Bank Liquidity and Supplementary Leverage Rules Adopted | Practical Law

Bank Liquidity and Supplementary Leverage Rules Adopted | Practical Law

The Federal Reserve Board (FRB), Federal Deposit Insurance Corporation (FDIC) and the Offices of the Comptroller of the Currency (OCC) adopted final liquidity coverage ratio and supplementary leverage ratio rules.

Bank Liquidity and Supplementary Leverage Rules Adopted

Practical Law Legal Update 0-580-1905 (Approx. 3 pages)

Bank Liquidity and Supplementary Leverage Rules Adopted

by Practical Law Finance
Published on 04 Sep 2014USA (National/Federal)
The Federal Reserve Board (FRB), Federal Deposit Insurance Corporation (FDIC) and the Offices of the Comptroller of the Currency (OCC) adopted final liquidity coverage ratio and supplementary leverage ratio rules.

Liquidity Coverage Ratio

The LCR creates a standardized minimum liquidity requirement for large and internationally active banking organizations. The LCR will apply to banking organizations with $250 billion or more in total consolidated assets or $10 billion or more in on-balance sheet foreign exposure, as well as any of their depository institutions that have assets of $10 billion or more. The rule also will apply a less stringent, modified LCR to bank holding companies and savings and loan holding companies that do not meet these thresholds but have $50 billion or more in total assets. Bank holding companies and savings and loan holding companies with substantial insurance or commercial operations are not covered by the final rule.
The LCR will require covered institutions to hold high quality, liquid assets (HQLA) such as central bank reserves and government and corporate debt that can be converted easily and quickly into cash in an amount equal to or greater than its projected cash outflows minus its projected cash inflows during a 30-day stress period.
The final rule is largely identical to the proposed rule, which was initially proposed in October 2013 (see Legal Update, Liquidity Coverage Rule Proposed for Financial Institutions). Important changes from the proposed rule include:
  • Changes to the range of corporate debt and equity securities included in HQLA.
  • A phasing-in of daily calculation requirements.
  • A revised approach to address maturity mismatch during a 30-day period.
  • Changes in the stress period, calculation frequency, and implementation timeline for the bank holding companies and savings and loan companies subject to the modified LCR.
The LCR Rule does not apply to non-bank financial companies designated as systemically significant by the Financial Stability Oversight Council. The Federal Reserve Board plans to apply enhanced prudential liquidity standards to these institutions through a subsequently issued order or rule following an evaluation of the business model, capital structure, and risk profile of each designated nonbank financial company.
Although the LCR Rule is consistent with the Basel Committee's LCR standard, it is more stringent in certain areas, including a shorter transition period for implementation. Covered US institutions must be fully compliant with the rule by January 1, 2017.

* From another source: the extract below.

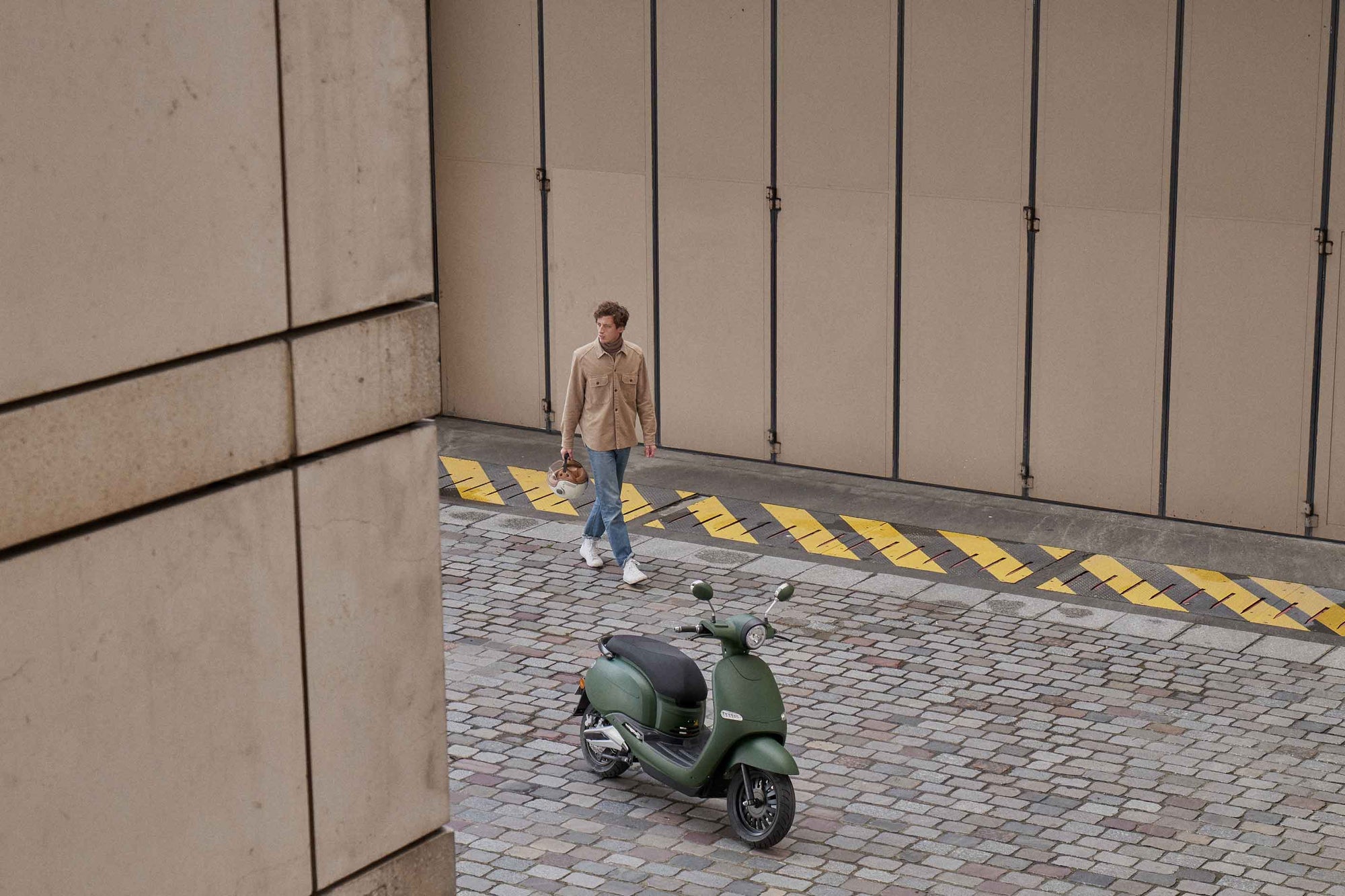 Un homme qui marche vers son scooter garé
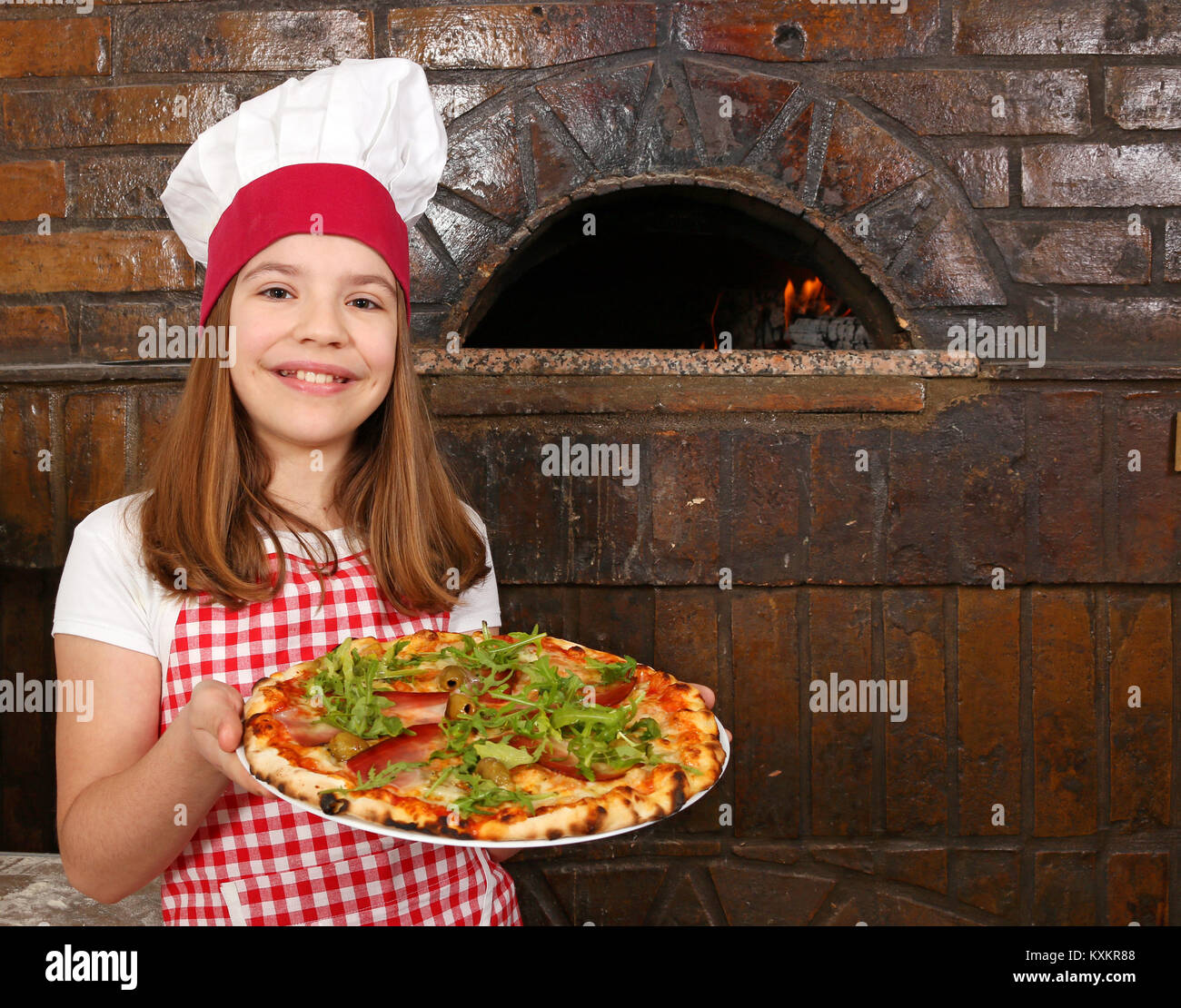 happy little girl cook with pizza in pizzeria Stock Photo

Supplementary Leverage Ratio

The Supplementary Leverage Ratio Rule modifies the definition of the denominator of the supplementary leverage ratio under previous proposed rulemaking to correspond with recent changes agreed to by the Basel Committee on Banking Supervision (see Legal Update, Tough New Supplementary Leverage Ratios Will Require Banks to Raise More Capital) . This rule applies to all banking organizations that are subject to the advanced approaches risk-based capital rules. The final rule modifies the method in which off-balance sheet items such as credit derivatives, repo-style transactions and lines of credit are included in the denominator of the supplementary leverage ratio. It also requires institutions to calculate total leverage exposure using daily averages for on-balance sheet items and the average of three month-end calculations for off-balance sheet items.
The final rule is effective on January 1, 2015, and certain public disclosures required by the final rule must be made at that time. The minimum supplementary leverage ratio requirement using the denominator calculations set out in the final rule is effective on January 1, 2018.